Execution with QCG-Now

At this moment QCG-Now allows users to submit jobs to PLGrid clusters only, thus in order to use the tool, an account with PLGrid is mandatory. As before, we assume the usage of Eagle.

The installation, configuration and basic usage of QCG-Now is described here:

During the configuration you should select VECMA as a domain and then whenever QCG-Now asks about user ID/password you should provide your PLGrid credentials.

When installed and configured, the steps to submit an EasyVVUQ / QCG-PilotJob task from QCG-Now are as follows:

  1. Get the tutorial files using GIT or download them zipped from https://github.com/vecma-project/EasyVVUQ-QCGPJ/archive/master.zip - then extract the files.

  2. In the main window of QCG-Now click “+”

    image1

  3. The New Task definition window should open. When you select the Files tab it should look as follows:

    image2

  4. Drag&drop the /tutorials/cooling_cup/app/test_cooling_pj.py file from the extracted zip file into “DROP FILES HERE” space:

    image3

  5. In the Properties tab select:

    • Application: easyvvuq-qcgpj
    • Task Name: EasyVVUQ test
    • Grant: leave blank to use a default one or select another
    • Submission type: Submit script
    • In the opened textarea write:
    . ~/tutorials/cooling_cup/app/eqi_config.sh
    python3 test_cooling_pj.py
    

    image4

  6. In the Requirements tab select:

    • Resource: eagle
    • Calculation type: Parallel (Number of nodes: 1, Cores per node: 4, Processes per node 4)
    • Walltime: 5 minutes

    image5

  7. Click the submit button (the arrow in the top-right corner). At this moment QCG-Now initiates a data transfer to the computing resources and requests the QCG middleware for the task execution.

    image6

  8. When submitted, the task is added to the list of tasks in the main window, where it is possible to track the state and progress of its execution in two complementary views:

    The Tabular view: image7

    The Task’s Details view: image8

    The views can be switched by double-clicking on a task.

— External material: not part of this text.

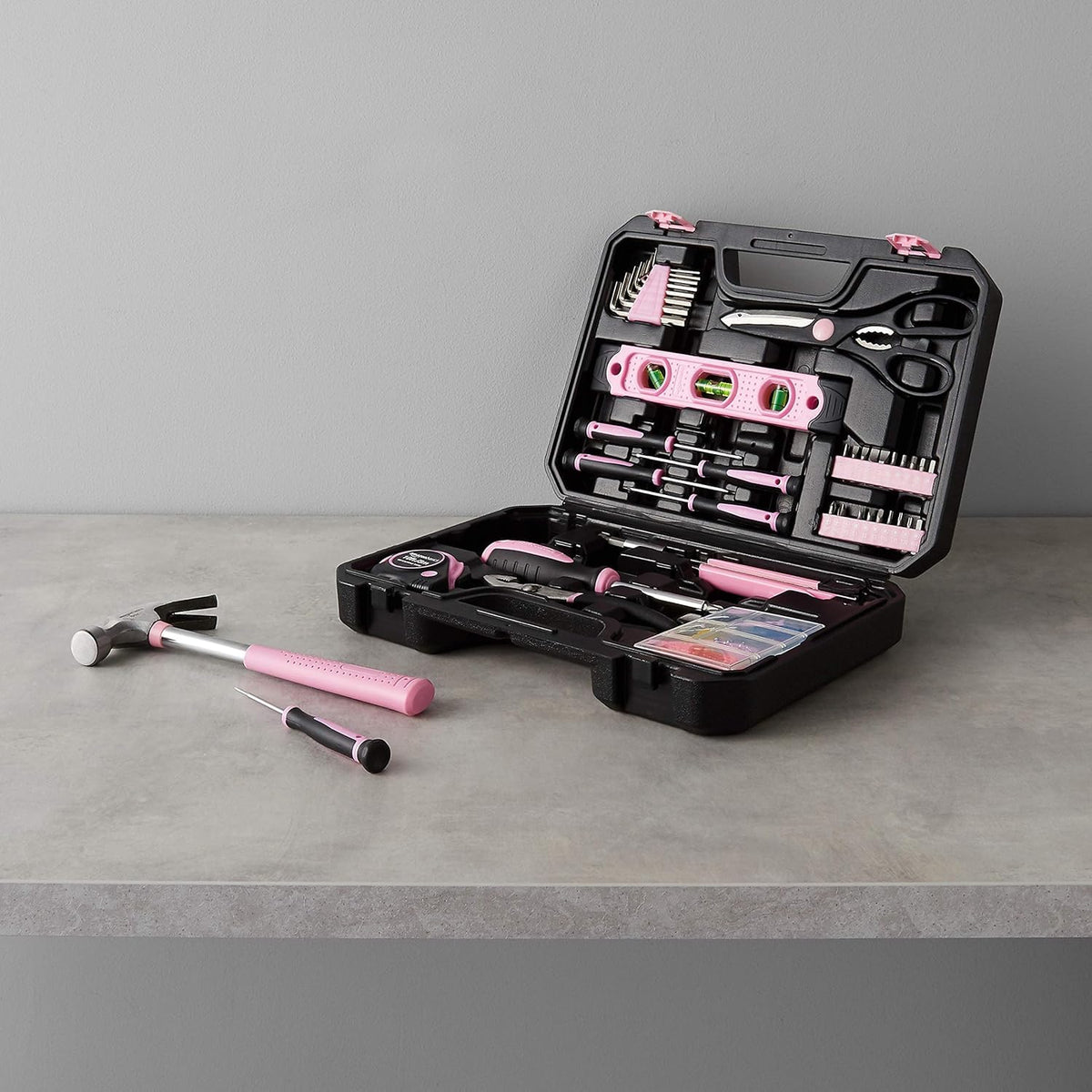 Amazon Basics 142-Piece Household Tool Kit for Home Repair, Hand Tools with Storage Case, 13.39 x 9.25 x 2.95 inch, Pink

  9. When the task completes successfully, the output data is transferred back to a user’s computer and user can open a directory with results using one of dedicated buttons from the main window.
    image9 or image10
QCG-Monitoring (Experimental)

In order to provide users with the functionality of live monitoring of their tasks, QCG-Now has been experimentally integrated with the QCG-Monitoring solution. This integration allows to display basic data about the users tasks directly in QCG-Now. Currently, for the easyvvuq-qcgpj application the monitoring provides generic information about Pilot Job execution, but it will be tuned for specifics of EasyVVUQ in a near future.

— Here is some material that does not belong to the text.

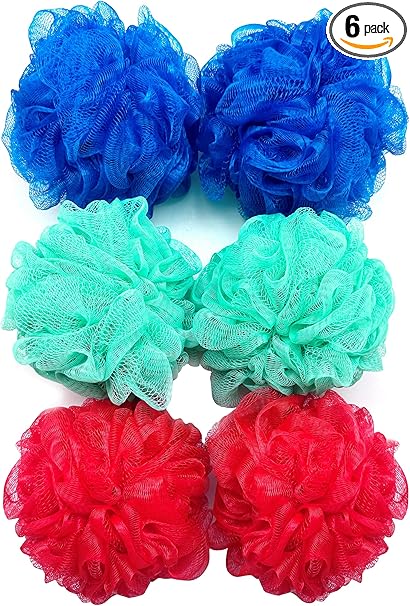 Amazon Basics Bath and Shower Loofah, Multicolor, Pack of 6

In order to switch on the monitoring for a task, a user needs to enable QCG-Monitoring portal in the Monitoring tab of the New Task window: image11

Once the easyvvuq-qcgpj application starts it is possible to use a dedicated Monitoring tab of the Task’s Details view to display monitored information: image12

Interactive tutorial

It is possible to play with EasyVVUQ-QCGPJ using the PSNC’s Jupyter Notebook platform. In order to get free access to this platform please write an e-mail to bbosak_at_man.poznan.pl.

eqi package

class eqi.Executor(campaign, config_file=None, resume=True, log_level='info')

Bases: object

Integrates EasyVVUQ and QCG-PilotJob Manager

Executor allows to process the most demanding operations of EasyVVUQ in parallel using QCG-PilotJob.

create_manager(resources=None, reserve_core=False, log_level='info')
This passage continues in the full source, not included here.